L’acceptation des questions de genre est assez inégale selon les disciplines mais aussi selon les milieux, avance Mme Dufour. « Les recherches sont beaucoup plus prises en compte dans le monde anglophone que francophone, certifie-t-elle. Après, ça dépend des disciplines. En sciences politiques, c’est extrêmement marginalisé, alors qu’en sociologie, ça l’est beaucoup moins. » D’après elle, c’est l’histoire même des sciences politiques qui explique cette situation. L’enseignement autour de travaux faits par des hommes, tout comme l’exclusion des femmes de la sphère politique jusqu’au xxe siècle, ont joué un rôle important, poursuit-elle.

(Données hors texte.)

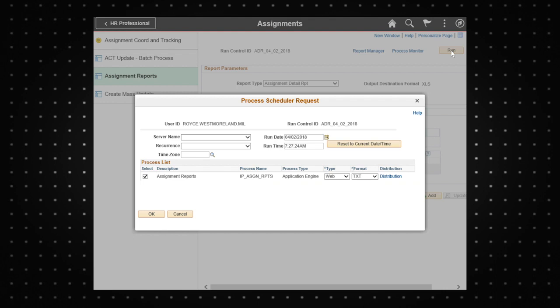Once the report has been run, you can schedule it to run automatically by setting the recurrence interval, time zone, run date, and run time. After making your selections, click OK.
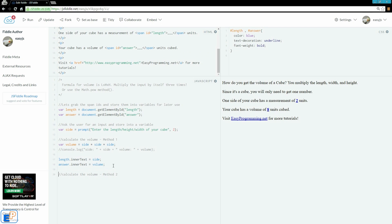So that was method 1. Let's use method 2, which is the Math object and the power method of JavaScript. This is just a little preview of what we'll cover later on. If you're doing something like 3 to the 18th power, you don't want to write side times side 18 times. You can do Math.pow() — it takes two arguments: the first is the value you want to exponentiate (side), and the second is 3 since we're doing cubed. Let's store this into var volume. I'm going to comment out the previous calculation so we don't do the math twice.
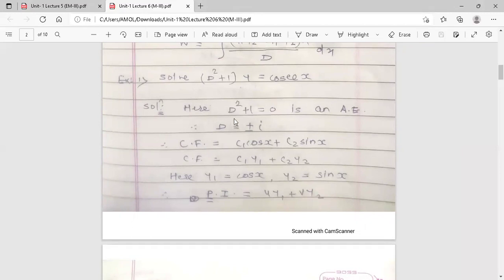Example 1: Solve (D² + 1)y = cosec x. This is the LDE in the form φ(D)·y = f(x). The auxiliary equation is D² + 1 = 0, which gives D² = −1. Since the square root of a negative number introduces i, D = ±i. So there are two complex roots: +i and −i.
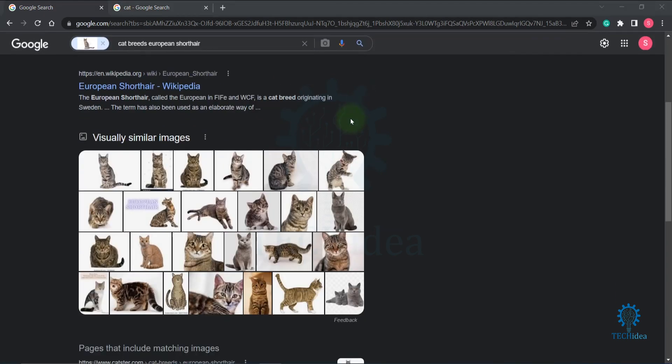This is how you can use Google reverse image search. If you find this video helpful, please like the video and don't forget to subscribe and hit the bell icon. Thanks for watching.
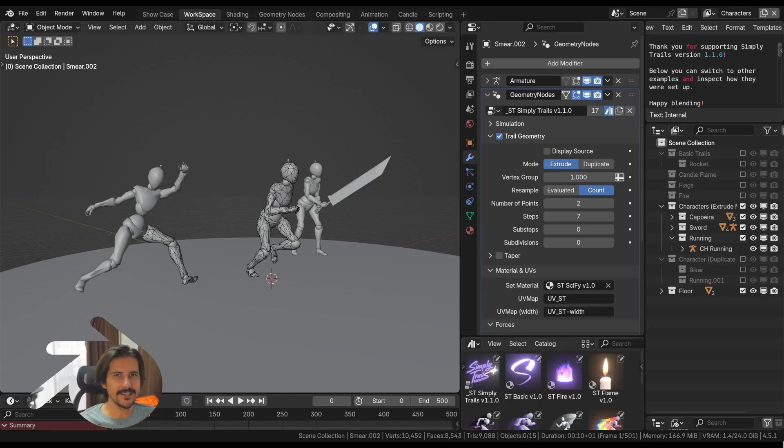Hello, what's up? Let's take a look at what's new with SimplyTrails version 1.1.0.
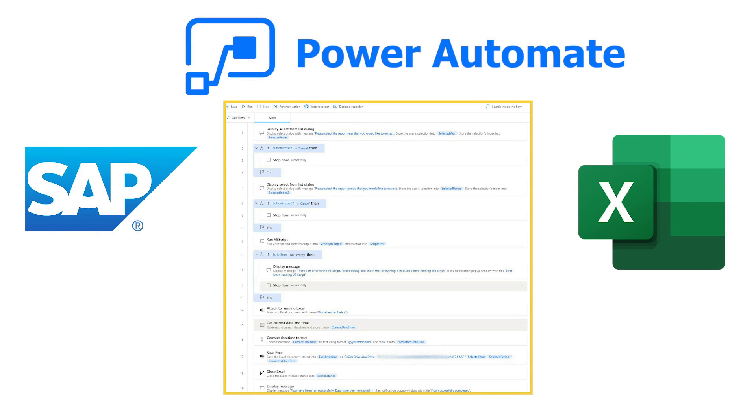This is how the flow looks like for my automated SAP data extraction process in Power Automate Desktop. In this video, I will be breaking down all the steps needed to build a similar flow for yourself.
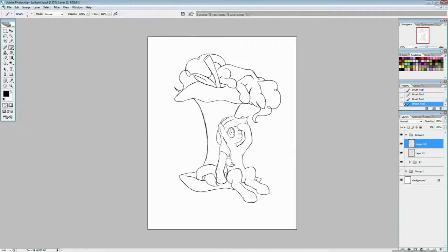Because just something about Applejack's face is bugging the living heck out of me. I think it's because I couldn't find any good references for that kind of 4-3, semi-4-3. I think maybe it's a three-quarters view of her face. And it's just that right-hand side on the screen. It's just something's off of it, and I can't quite figure out what.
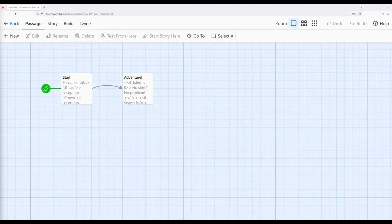So part of the thing we want to think about as we think about these two macros, the listbox and checkbox, is why we might want to use them and then what they say about the data and usages of them.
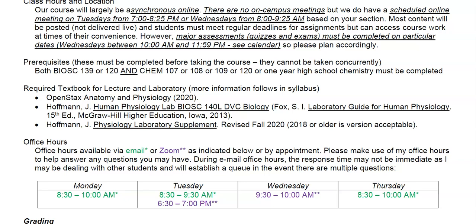Most exams are given in two parts — a written part and a multiple choice part — and each part can take up to an hour or more, so you might need two and a half hours on a Wednesday. Prerequisites include BioSci 139 (human anatomy) or BioSci 120 (anatomy and physiology) or the equivalent, plus some chemistry: Chem 107, 108, 109, or 120 at DVC, or high school chemistry.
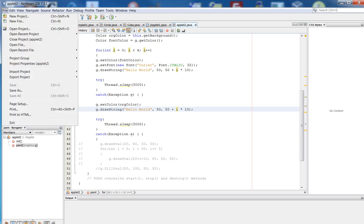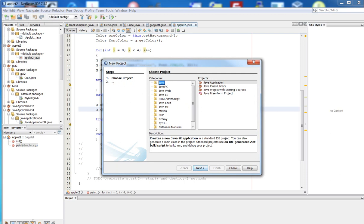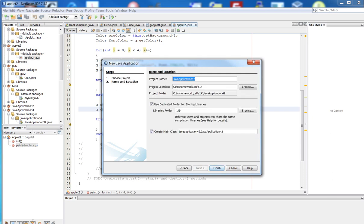I'm going to create a new project. I will click File, then New Project. In the New Project dialog box, I'm going to keep Java as the project category, and for the project type I'm going to use Java Application. Then I'm going to click Next, since I'm going to create a Java applet, I'll name the project 'applet animation 01'. In a Java applet there's no main function at all, so we have to clear the check mark next to Create Main Class. Let me remove it, then I'm going to click Finish.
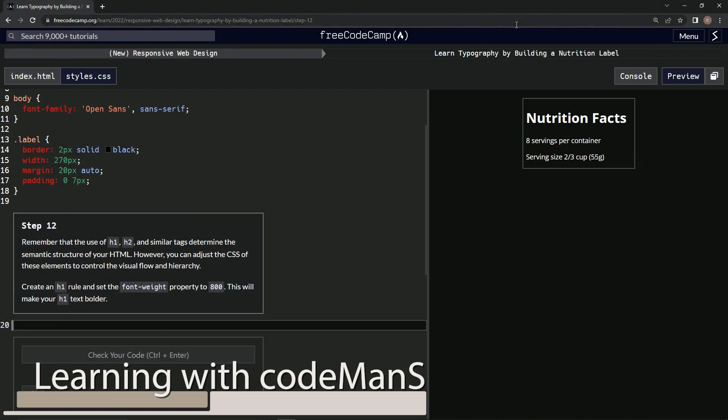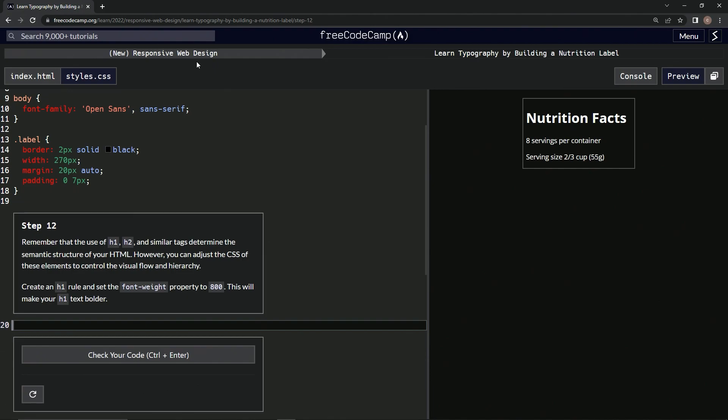All right, now we're doing FreeCodeCamp New Responsive Web Design: Learn Typography by Building a Nutrition Label, Step 12. Remember that the use of h1, h2, and similar tags determine the semantic structure of our HTML. However, we can adjust the CSS of these elements to control the visual flow and hierarchy.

L’UdeM rattrape son retard

« La demande étudiante s’est manifestée de façon plus éloquente et importante, affirme la professeure titulaire au Département d’histoire Denyse Baillargeon. Je sens un regain d’intérêt depuis cinq à dix ans. » L’attrait pour les études féministes et de genre n’a jamais été aussi prononcé, selon elle. Vingt-neuf cours en lien avec celles-ci sont actuellement proposés aux étudiants de l’UdeM dans des disciplines telles que la sociologie ou la philosophie.

Pour la responsable de la mineure le programme, démarré à l’automne 2017, ne signifie pas pour autant qu’il y aurait un engouement soudain pour ce domaine dans les universités. « Si on regarde plus globalement, à l’UQAM, ça fait très longtemps que l’Institut de recherches et d’études féministes existe […] Il en va de même pour le programme d’études féministes de l’Université Laval, détaille-t-elle. On a environ 20 ans de retard sur les autres universités québécoises. »

Si certains reprochent à l’UdeM ce retard, celui-ci pourrait s’avérer bénéfique, selon Mme Baillargeon, qui donne ce trimestre le cours « Histoire des femmes au Canada ». « Cela permet de ne pas répliquer ce que les autres font et ça donne l’occasion à l’UdeM de trouver sa propre voix », explique-t-elle.

Mme Dufour ne pense pas que le nombre de cours augmentera dans les prochaines années, mais croit plutôt que les nouveaux programmes, principalement en sciences sociales, ne pourront plus se faire sans intégrer ce type de contenu.